It'll be after the climb over the mountain range that we'll meet up again with Jeff and Gerda.
Crossing through Sydney from north to south was easy. We rode from the house where we stayed for over a week to Manly, the south side of the peninsula. From there we took the ferry that took us straight to Circular Quay again, right in the middle of Sydney's highlights. Maybe the most beautiful way to reach Sydney. We hang out for a while and then boarded a train on the railway station there. We changed at Central station and travelled straight on to Sutherland, a suburb in the south. We had booked a room there. A trip of app. 70 k in half a day.

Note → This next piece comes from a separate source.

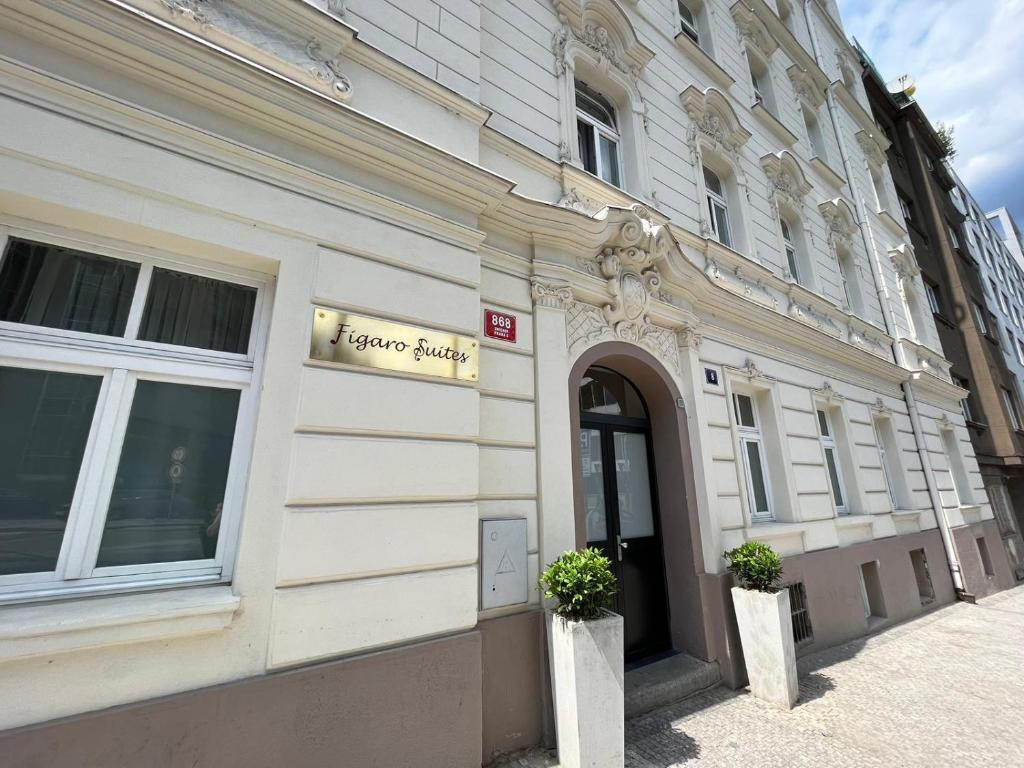 um edifício com um sinal para uma floricultura em Figaro Suites em Praga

From Sutherland we cycled back to the coast through a national park. We took a 10 k dirt road (track is a better word) with the poetic name of Lady Carrington's Drive and after having reached a sealed road (Lady wakehurst Drive) we got to a fantastic ocean-lookout that is famous as a hanggliding spot, but only when a southerly wind blows. Fortunately for us this was not the case this day, we had it in our backs. The route along the coast was scenic, with a ocean bridge as a remarkable part of it. We stopped in Bulli in a beachfront caravan park. The next day we continued to Kiama. Scenic by all means, but always undulating. In the end this made us very tired again. Then the next day was supposed to be a quiet one. But a serious accident had happened on the highway and all the traffic was rerouted along the small road where we were riding. Close to a nightmare, but we reached Bomaderry safely and whole.
From there there are two climbs to be done to reach the altitude of Canberra. From Bomaderry we did the first one today, app. 500 altimeters. But, for us no surprise, we dealt with this steep slope much more easily than with the endless undulating roads elsewhere in New South Wales. It was hard work, but the distance was limited and known by us. And once on the pass it was down towards the pleasant little town of Kangaroo Valley. We have made camp at a quiet caravan park just past the town, along the river and next to the medieval, for the looks, famous Hampden Bridge, built in 1898. On the other side of the river is the Pioneer Settlers' museum, an open air museum where some settlers' houses, a bush school, tools, carriages and the like are exhibited. Very interesting. In town there are some small shops, restaurants and cafés, in one of which Jack roasts his own coffee and makes the nicest mochas. And there is a pub, annex bottle shop. It was a hot afternoon, but we spent it pleasantly.
Tomorrow there is another climb, a bit higher and longer, but we are confident that we'll conquer it. So it'll be some days before we will make the call to Jeff and Gerda.